Para mis amigos neoyorquinos la contemplación del Acueducto, algo que lleva dos mil años en pie, supuso un choque apasionante
Desde la estación de Chamartín en Madrid se tardan veintisiete en llegar a Segovia. A los alrededores de Segovia, para ser más exactos. Todo ello por diez euros a la hora que tomé el tren (puede ser el doble a horas más concurridas). Un taxi hasta el Acueducto puede costar algo menos, aunque hay autobuses estupendos por mucho menos. Es decir, por un precio razonable uno se planta en una ciudad extraordinariamente atractiva y poseedora de una buena oferta gastronómica y cultural sin necesidad de conducir un auto con el que hay que andar con ojo de no beber alcohol, aparcarlo, pagar peajes, gasolina y someterse a posibles atascos e inclemencias, bien sea viajando desde Madrid o desde Valladolid.
Resultado: en Segovia un fin de semana no se cabe. Pero no es cosa de quejarse: eso, que puede ser incómodo para algún visitante, no lo es tanto para la cuenta de resultados de la ciudad. Cierto es que la misma facilidad que se tiene para llegar se tiene para marcharse, con lo que el que llega puede irse enseguida en lugar de quedarse, pero llegan tantos que, a buen seguro, el balance es positivo. El pasado puente de Todos los Santos invité a unos amigos norteamericanos a conocer Segovia, y, lógicamente, me los llevé en tren. Se ve que la misma idea habíamos tenido miles de españoles. Sólo llegar al Acueducto tomamos nota de que hay manifestaciones populosas que reúnen menos gente. Para mis dos amigos neoyorquinos la contemplación de algo que lleva dos mil años en pie supuso un choque apasionante: se preguntaban –como a menudo hago yo– cómo es posible que en veinte siglos a nadie se le haya ocurrido derribar algo que, a buen seguro, a más de un munícipe le puede haber resultado molesto. Las diferentes ampliaciones de la ciudad no han sido óbice para mantener un monumento espectacular que, en la mayoría de ciudades, formaría parte de las leyendas. ¡En veinte siglos nadie ha conseguido tirarlo! Reconozcamos que es un milagro el hecho de que un país tan iconoclasta y bárbaro como el nuestro, que se ha llevado por delante infinitas estructuras espectaculares para construir –la mayoría de las veces– mierdas de tamaño cósmico, haya conservado semejante maravilla.
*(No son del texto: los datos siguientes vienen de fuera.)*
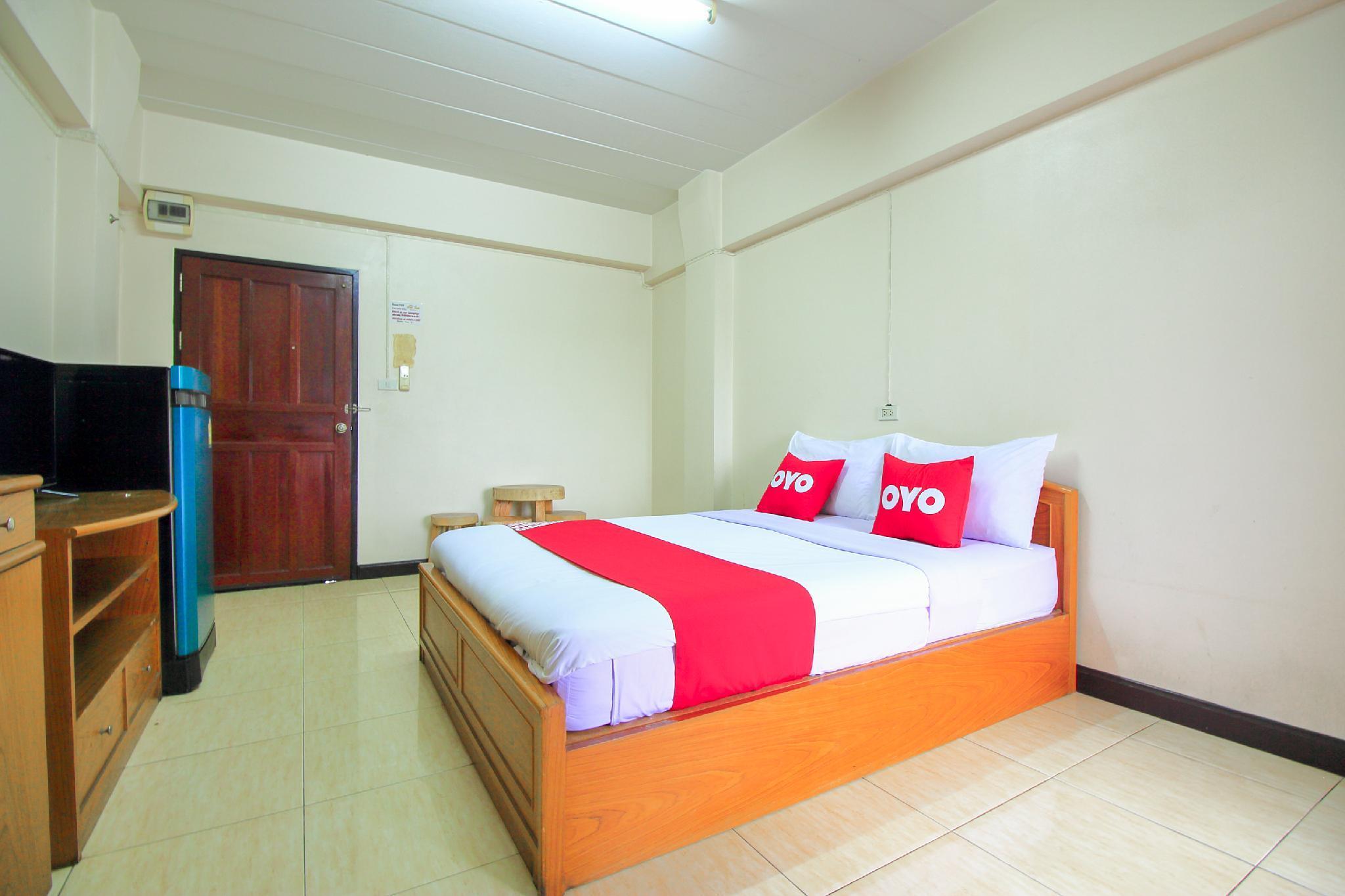 Hotel Oyo 376 Ok Airport 2*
Nos pusimos a caminar por la calle Cervantes hacia la Plaza Mayor, la Catedral y otros lugares de encanto indiscutible: las calles eran un gozo de concurrencia, cual si fuera la Madrugada sevillana después de pasar las dos Esperanzas. En el mirador de La Canaleja no había un centímetro cuadrado libre, todo sea dicho, como en la plaza de las Sirenas u otros enclaves bellísimos de la ciudad. O como en cualquier restaurante, todos, literalmente, abarrotados. Menudo éxito. Lo celebro, realmente, porque Segovia se merece ser centro de atención de esa manera: es una ciudad, a ojos de quienes la visitamos unas horas de forma frecuente, perfecta, como todas las que encabezan su nombre con una ‘S’ (Santander, Santiago, Salamanca, Sevilla, San Sebastián, Sanlúcar…).
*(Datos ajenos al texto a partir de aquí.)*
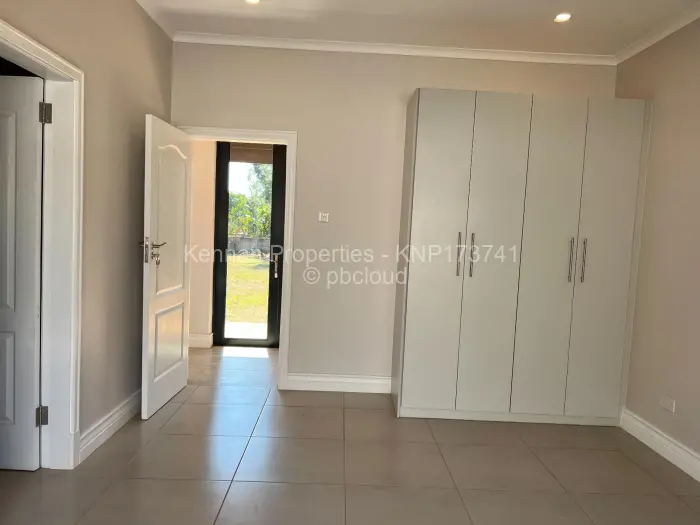 Townhouse/Complex/Cluster for Sale in Helensvale, Harare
Y su oferta gastronómica está a la altura de la expectación. Yo suelo recaer por casa de mi querido José María, infatigable trabajador que ha creado una marca de confianza para el consumidor que no engaña, no defrauda y siempre complace. Que un restaurante que abre doce horas seguidas, con ocho comedores, abarrotado diariamente, no se haya transformado en una triste fábrica de comidas es un indiscutible milagro. No conozco otro caso igual. Vas a comer a José María y tienes la sensación de que han cocinado exclusivamente para ti cualquiera de los cochinillos con denominación de origen que preparan a diario, o sus judiones, o sus excelencias más modernas, o sus clásicos castellanos acompañados de ese excelente vino de la casa que es Pago de Carraovejas. Los americanos salieron ojipláticos no dando crédito a lo que habían comido.
José María, como otros enclaves gastronómicos de la ciudad, es la síntesis del éxito segoviano: capacidad de trabajo, acierto en la oferta, agrado personal y un mobiliario urbano incomparable, indiscutible, fascinante. Así cualquiera, dirán los más envidiosos, pero el éxito hay que trabajárselo y cuidarlo, empezando por no tirar acueductos. Aunque sea en pleno puente (mejor un martes cualquiera, evidentemente), aunque no se quepa, aunque haya listas de espera para comer, Segovia bien vale un paseo.